§ Requirement: Of the records that follow, copy only the lines from the line containing "Gingerbread Man Adult" to the line containing "Combo 5 Túi", both included, exactly as written.

··· Given information ···

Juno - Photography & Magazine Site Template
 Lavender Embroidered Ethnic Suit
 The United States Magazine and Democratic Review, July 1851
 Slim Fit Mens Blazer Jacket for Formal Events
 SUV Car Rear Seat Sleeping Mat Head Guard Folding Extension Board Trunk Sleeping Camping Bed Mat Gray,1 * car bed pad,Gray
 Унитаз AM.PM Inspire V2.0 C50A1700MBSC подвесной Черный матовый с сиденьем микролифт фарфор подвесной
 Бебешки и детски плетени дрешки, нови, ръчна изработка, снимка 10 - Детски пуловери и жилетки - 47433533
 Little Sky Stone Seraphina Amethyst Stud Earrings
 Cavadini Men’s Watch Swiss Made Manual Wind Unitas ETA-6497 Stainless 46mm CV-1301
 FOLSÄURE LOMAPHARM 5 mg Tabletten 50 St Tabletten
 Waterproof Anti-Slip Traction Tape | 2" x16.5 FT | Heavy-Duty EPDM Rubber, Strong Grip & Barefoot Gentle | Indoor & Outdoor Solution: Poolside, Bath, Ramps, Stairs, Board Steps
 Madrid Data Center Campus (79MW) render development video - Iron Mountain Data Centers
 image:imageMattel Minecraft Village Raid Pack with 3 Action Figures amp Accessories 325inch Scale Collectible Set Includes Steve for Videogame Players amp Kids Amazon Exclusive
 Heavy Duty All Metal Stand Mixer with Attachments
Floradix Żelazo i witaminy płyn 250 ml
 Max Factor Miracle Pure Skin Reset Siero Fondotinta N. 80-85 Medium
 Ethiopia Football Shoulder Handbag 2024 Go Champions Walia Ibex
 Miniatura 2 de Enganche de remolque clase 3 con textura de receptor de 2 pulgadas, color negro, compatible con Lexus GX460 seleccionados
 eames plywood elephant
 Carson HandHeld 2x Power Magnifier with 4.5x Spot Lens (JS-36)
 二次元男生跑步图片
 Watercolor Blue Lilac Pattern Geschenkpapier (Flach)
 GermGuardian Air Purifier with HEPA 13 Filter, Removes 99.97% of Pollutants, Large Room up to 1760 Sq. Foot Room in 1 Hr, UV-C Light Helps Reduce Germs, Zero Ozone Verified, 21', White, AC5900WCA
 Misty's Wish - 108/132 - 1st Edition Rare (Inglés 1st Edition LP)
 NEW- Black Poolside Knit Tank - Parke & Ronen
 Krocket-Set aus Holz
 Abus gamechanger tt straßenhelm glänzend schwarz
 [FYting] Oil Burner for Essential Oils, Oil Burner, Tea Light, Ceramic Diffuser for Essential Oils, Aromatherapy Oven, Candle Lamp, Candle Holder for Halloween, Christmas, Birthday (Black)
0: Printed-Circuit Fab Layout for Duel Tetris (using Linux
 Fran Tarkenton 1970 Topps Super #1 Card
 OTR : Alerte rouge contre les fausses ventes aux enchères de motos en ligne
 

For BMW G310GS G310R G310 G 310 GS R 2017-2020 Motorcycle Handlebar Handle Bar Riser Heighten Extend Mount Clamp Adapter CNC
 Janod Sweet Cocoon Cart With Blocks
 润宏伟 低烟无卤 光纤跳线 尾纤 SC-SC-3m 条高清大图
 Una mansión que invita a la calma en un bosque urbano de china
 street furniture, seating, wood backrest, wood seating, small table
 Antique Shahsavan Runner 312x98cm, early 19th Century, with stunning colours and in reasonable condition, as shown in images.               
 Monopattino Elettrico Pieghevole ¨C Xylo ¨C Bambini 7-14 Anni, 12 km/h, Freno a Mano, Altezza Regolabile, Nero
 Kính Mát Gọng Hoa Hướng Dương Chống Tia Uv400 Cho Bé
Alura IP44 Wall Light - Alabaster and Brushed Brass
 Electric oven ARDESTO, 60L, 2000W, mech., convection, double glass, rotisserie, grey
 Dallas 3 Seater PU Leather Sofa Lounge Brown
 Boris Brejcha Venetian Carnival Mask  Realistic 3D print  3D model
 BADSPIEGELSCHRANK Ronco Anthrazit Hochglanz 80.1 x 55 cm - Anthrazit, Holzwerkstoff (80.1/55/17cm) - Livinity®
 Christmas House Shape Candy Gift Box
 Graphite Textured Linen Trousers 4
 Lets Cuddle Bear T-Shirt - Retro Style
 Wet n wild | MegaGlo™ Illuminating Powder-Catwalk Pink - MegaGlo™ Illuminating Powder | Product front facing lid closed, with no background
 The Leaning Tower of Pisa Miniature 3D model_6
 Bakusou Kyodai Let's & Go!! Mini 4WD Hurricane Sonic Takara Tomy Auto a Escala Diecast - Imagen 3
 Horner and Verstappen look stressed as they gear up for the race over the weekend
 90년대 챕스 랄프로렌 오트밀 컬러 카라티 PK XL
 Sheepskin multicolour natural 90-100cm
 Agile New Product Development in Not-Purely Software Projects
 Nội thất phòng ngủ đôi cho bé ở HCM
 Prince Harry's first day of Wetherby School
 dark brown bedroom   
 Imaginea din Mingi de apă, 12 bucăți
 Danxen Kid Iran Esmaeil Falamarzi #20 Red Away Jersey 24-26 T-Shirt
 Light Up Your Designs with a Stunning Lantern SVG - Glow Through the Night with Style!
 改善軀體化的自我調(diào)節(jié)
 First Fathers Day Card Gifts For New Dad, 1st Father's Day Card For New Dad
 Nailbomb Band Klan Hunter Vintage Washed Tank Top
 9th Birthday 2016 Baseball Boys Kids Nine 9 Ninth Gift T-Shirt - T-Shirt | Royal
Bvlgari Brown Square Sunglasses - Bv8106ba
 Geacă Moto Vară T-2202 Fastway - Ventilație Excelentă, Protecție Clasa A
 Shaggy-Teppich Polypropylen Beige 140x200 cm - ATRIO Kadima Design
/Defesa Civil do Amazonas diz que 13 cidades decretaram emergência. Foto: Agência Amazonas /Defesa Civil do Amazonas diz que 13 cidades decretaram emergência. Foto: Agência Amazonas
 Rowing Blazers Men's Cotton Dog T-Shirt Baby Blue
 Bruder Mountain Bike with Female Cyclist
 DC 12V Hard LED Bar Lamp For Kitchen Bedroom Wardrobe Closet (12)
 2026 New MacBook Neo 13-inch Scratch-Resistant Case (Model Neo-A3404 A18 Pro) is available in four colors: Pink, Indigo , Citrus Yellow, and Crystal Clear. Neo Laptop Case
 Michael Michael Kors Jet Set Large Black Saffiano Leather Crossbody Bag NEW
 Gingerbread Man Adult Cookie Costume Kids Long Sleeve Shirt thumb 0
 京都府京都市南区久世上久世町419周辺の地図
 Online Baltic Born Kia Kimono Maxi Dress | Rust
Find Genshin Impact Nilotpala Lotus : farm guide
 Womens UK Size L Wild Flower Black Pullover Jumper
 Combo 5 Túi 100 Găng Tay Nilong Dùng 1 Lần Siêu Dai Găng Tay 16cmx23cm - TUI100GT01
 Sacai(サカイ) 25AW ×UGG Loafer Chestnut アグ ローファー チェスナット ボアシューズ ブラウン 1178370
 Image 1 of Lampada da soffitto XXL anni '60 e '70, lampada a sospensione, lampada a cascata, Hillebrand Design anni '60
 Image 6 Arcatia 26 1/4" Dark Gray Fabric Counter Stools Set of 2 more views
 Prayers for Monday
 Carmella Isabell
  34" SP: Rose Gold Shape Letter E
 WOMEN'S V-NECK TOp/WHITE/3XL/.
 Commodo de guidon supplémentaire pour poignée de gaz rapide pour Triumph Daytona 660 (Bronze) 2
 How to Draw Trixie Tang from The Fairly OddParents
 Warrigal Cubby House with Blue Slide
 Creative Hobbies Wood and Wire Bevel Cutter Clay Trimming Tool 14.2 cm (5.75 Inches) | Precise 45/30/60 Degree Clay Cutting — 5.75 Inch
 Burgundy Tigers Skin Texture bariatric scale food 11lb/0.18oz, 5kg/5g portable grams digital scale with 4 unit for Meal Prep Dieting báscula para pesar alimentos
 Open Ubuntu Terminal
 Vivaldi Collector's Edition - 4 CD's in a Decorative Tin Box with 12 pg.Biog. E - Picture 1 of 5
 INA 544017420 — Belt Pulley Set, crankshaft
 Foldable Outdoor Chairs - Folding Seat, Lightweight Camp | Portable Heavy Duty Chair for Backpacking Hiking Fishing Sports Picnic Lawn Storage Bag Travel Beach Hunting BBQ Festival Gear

···

§ Solution:
 Gingerbread Man Adult Cookie Costume Kids Long Sleeve Shirt thumb 0
 京都府京都市南区久世上久世町419周辺の地図
 Online Baltic Born Kia Kimono Maxi Dress | Rust
Find Genshin Impact Nilotpala Lotus : farm guide
 Womens UK Size L Wild Flower Black Pullover Jumper
 Combo 5 Túi 100 Găng Tay Nilong Dùng 1 Lần Siêu Dai Găng Tay 16cmx23cm - TUI100GT01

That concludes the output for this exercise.